To do
Where an entry below contains an image, skip the image and copy the rest exactly.

------------------------------

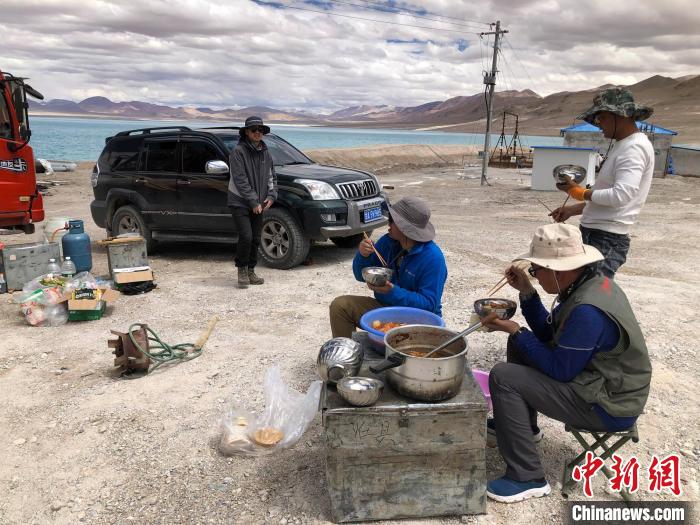 在“世界屋脊”上作業(yè)，中國(guó)科考隊(duì)員衣、食、住、行有何特色？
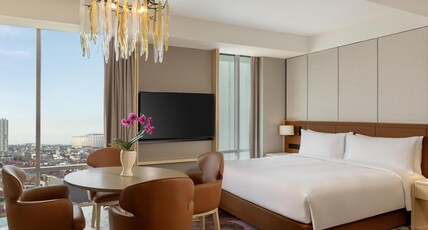 DoubleTree by Hilton Jakarta Kemayoran Room Type - KING PREMIUM ROOM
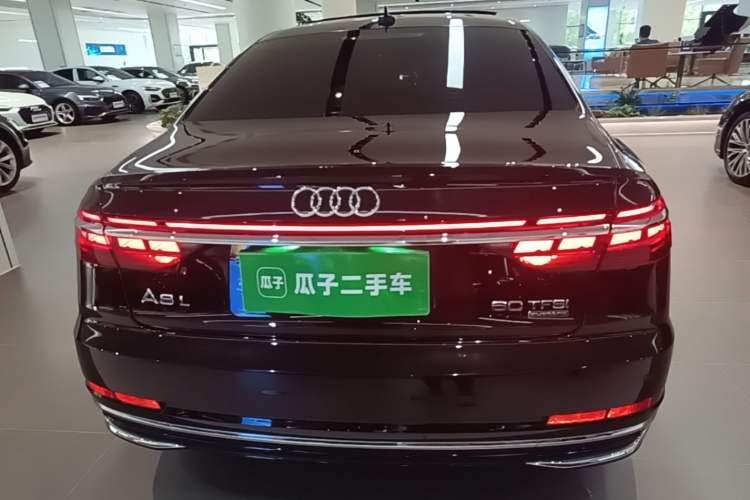 Audi A8 2023 — фото 5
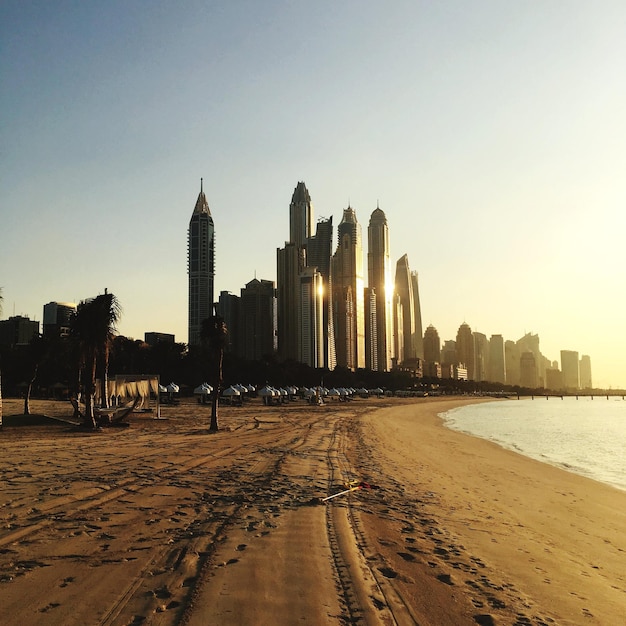 Foto vista degli edifici sulla spiaggia contro un cielo limpido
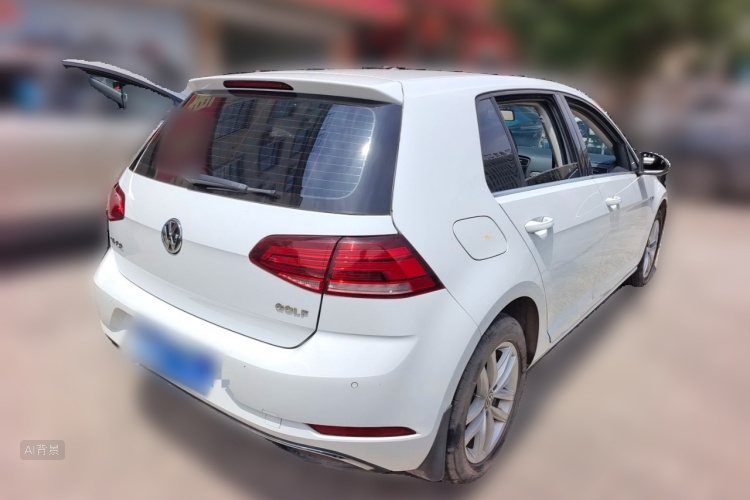 Volkswagen Golf 2018 car image #7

------------------------------

The answer
 在“世界屋脊”上作業(yè)，中國(guó)科考隊(duì)員衣、食、住、行有何特色？
 DoubleTree by Hilton Jakarta Kemayoran Room Type - KING PREMIUM ROOM
 Audi A8 2023 — фото 5
 Foto vista degli edifici sulla spiaggia contro un cielo limpido
 Volkswagen Golf 2018 car image #7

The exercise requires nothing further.